#### Exercise aim:
Lines before the one containing "Disney Black and White Zebra Ears Headband" are not wanted; restate the rest below word for word, through the last line, but drop any pictures.

#### Extracted information:
※

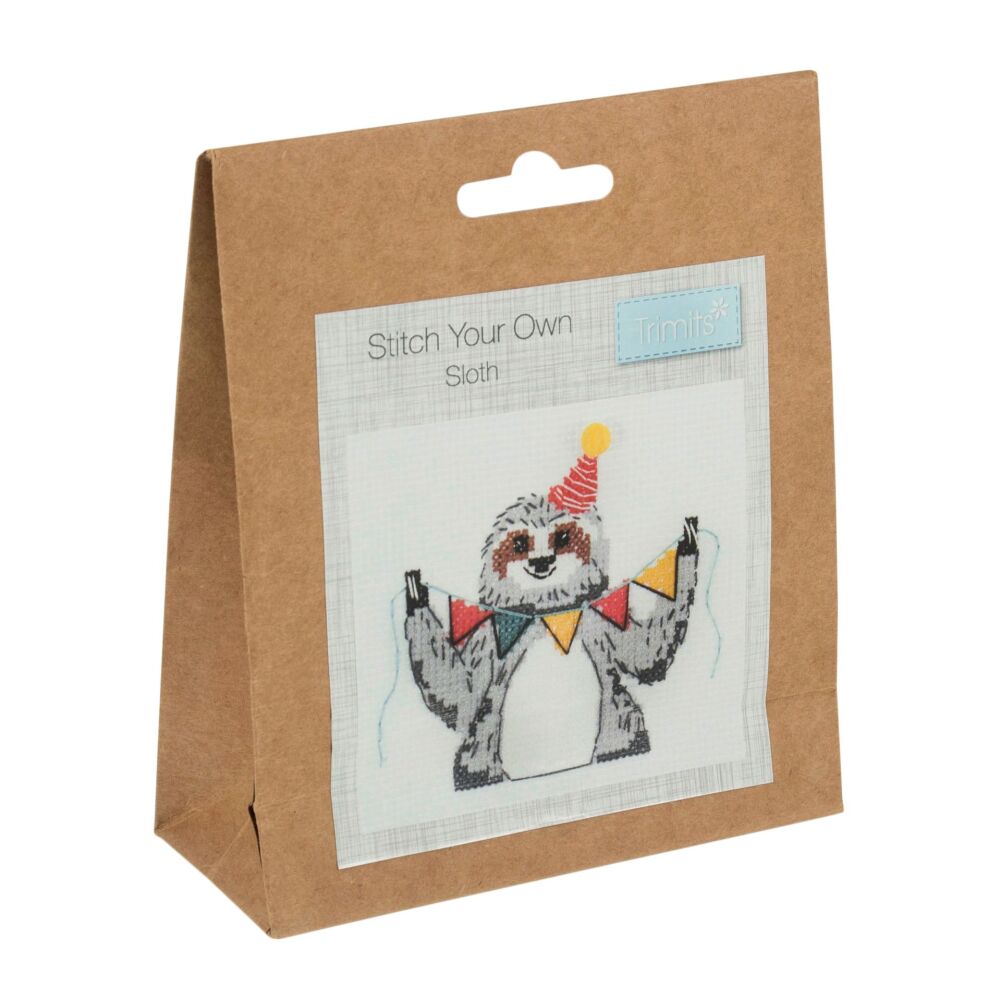 Counted Cross Stitch Kit: Sloth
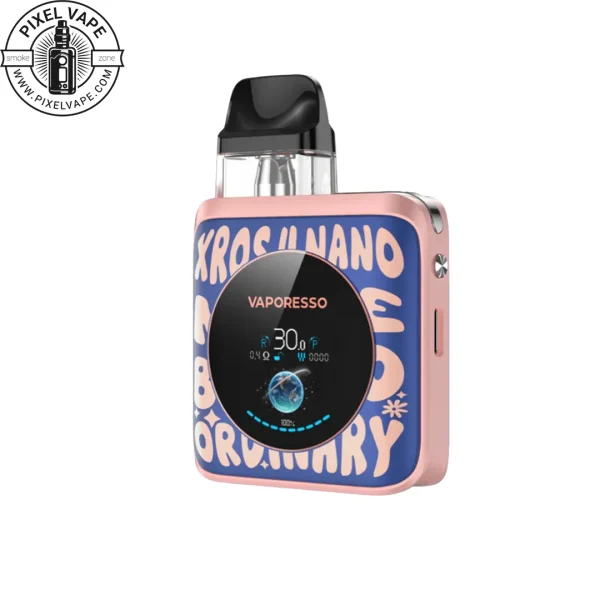VAPORESSO XROS 4 NANO WORD-POP BLUE - پادماد ویپرسو ایکسراس 4 نانو آبی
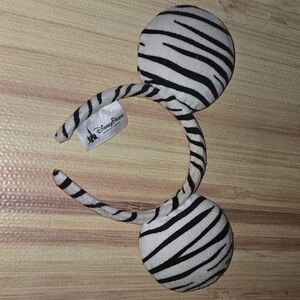Disney Black and White Zebra Ears Headband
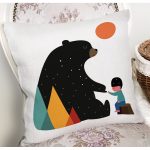 - 8963 - Realhomes Realhomes Özel Tasarım Dijital Baskılı Modern Yastık Kırlent Kılıfı Realhomes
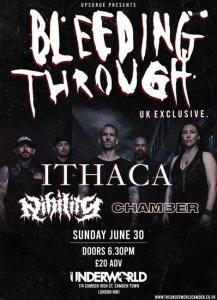 Bleeding Through UK Show 2019 poster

※

#### Response:
Disney Black and White Zebra Ears Headband
 - 8963 - Realhomes Realhomes Özel Tasarım Dijital Baskılı Modern Yastık Kırlent Kılıfı Realhomes
 Bleeding Through UK Show 2019 poster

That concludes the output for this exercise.